Attribution (BY) means that you need to reference the source and the data owner if you use the data (or the work). Non-commercial use (NC) means that you are only allowed to use the data (or the work) for non-commercial purposes (i.e., you are not allowed to charge for whatever you produce based on that data). No derivatives (ND) means that you are not allowed to create derivative works, in that you cannot alter/modify or wrangle (e.g., merge, select, or subset) the work, and have to use it exactly in the way it was provided. Finally, there is share alike (SA), which means that you are allowed to create derivative works, but if you share them, you have to share them with the same type of licence as the one you got for the components.
These components can be applied in several combinations. The most restrictive combination is CC BY-NC-ND. If you join up all the conditions, you will see that any dataset made available under this license would be virtually unusable for open and reproducible research. The ND part, specifically, would not allow you to make selections of participants or to calculate a BMI from height and weight, as these would be derivatives of the original dataset. This would apply to any licence that includes the ND clause. The SA part is also quite restrictive as it means that you can create a derivative work (your manuscript) but you can only publish it with the same license. The NC clause would prevent you from publishing in a pay-walled journal as this would mean that commercial benefit is derived from the data.

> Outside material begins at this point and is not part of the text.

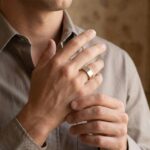 Christian bicolor cachet ring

So, if you are looking at a dataset, be sure to look for the license attached. Look for CC0 or CC-BY. CC0 means that there are no conditions attached. CC-BY means that all you need to do is provide attribution (i.e. a reference) to the source. If you use a CC-BY dataset, please remember to do that!
If you are the data owner and are considering which licence you should choose for your data before publishing it, make sure you don’t make the licence too restrictive. Restricting your licence too much will prevent many very relevant use cases.
Creative Commons is not the only type of license that can be used in open research. Some licenses specifically designed for data are being created (Open Data Commons - ODC licenses) and there are other ‘open’ licences such as the GNU and MIT licences, although these are generally mostly used for open source software rather than for data.
To summarise, we have seen that open data is only a part of the wider Open Science universe and that open data should ideally be FAIR but that this is often only partially the case. We must pay importance to the availability and quality of metadata, both when we look for open data and when we are developing our own open data. We have seen that there are many ways of finding open data and that unfortunately none of these ways is yet ideal. Finally, we have discussed that open data generally still has a data- owner and that you should be very aware of the conditions that the data licence sets for how you can use it.
To conclude, I think we can say that we have started on the right path towards a situation where research data is open, but that we still have a long way to go.